Question : Active Directory domain and DNS question

Here's our situation.  We have an old experimental Windows Server 2003 Active Directory domain, we'll call "DOMAINOLD".  The first DC in the first site is the primary DNS server for our organization.  This domain was originally used for testing and as an introduction of AD to our organization which is still using Novell.  Now we would like to build a new production domain on the Server 2008 platform...for the sake of this question we'll call this domain "DOMAINNEW".  The question is probably simple for those with years of AD and integrated DNS experience with multiple domains:  How do we introduce this "DOMAINNEW" into our organization and seamlessly migrate the primary DNS server role from the first DC in the "DOMAINOLD" 2003 domain to the first DC in the "DOMAINNEW" 2008 domain?  Is it a matter of a simple domain zone transfer?  We'll eventually swap IP addresses around once we get this worked out so that the first 2008 DC has the same IP as the old first 2003 DC did...but the main thing is to get the DNS role moved with name resolution services remaining intact and minimal if any interruption to users.

Answer : Active Directory domain and DNS question

Hi,

Making a copy of a DNS zone in another DNS server is really easy.
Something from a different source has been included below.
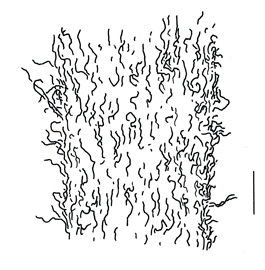 Amaranthus retroflexus; stem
Just just have to create an secondary DNS zone on the new server with the same dns suffix and declare IP address of the DNS server that owns the zone (DNS server of DOMAINOLD in your case).
Add to that, don't forget to allow zone transfer with any address on the DOMAINOLD DNS zone on the "old" server.

As soon as the zone transfer is complete (check the content of the DNS zone to see if all the records are copied) you can then change the zone type on the new server and make it become a primary DNS zone.

So, you'll have a copy of the "DOMAINOLD" zone on your new DNS server. But I wonder what you want to do with this DNS zone on your new domain. The new domain won't have the same name I suppose.
If you're planning to finally have a new "DOMAINNEW" DNS zone that contains same records than the old "DOMAINOLD" DNS zone you won't reach this goal by this way.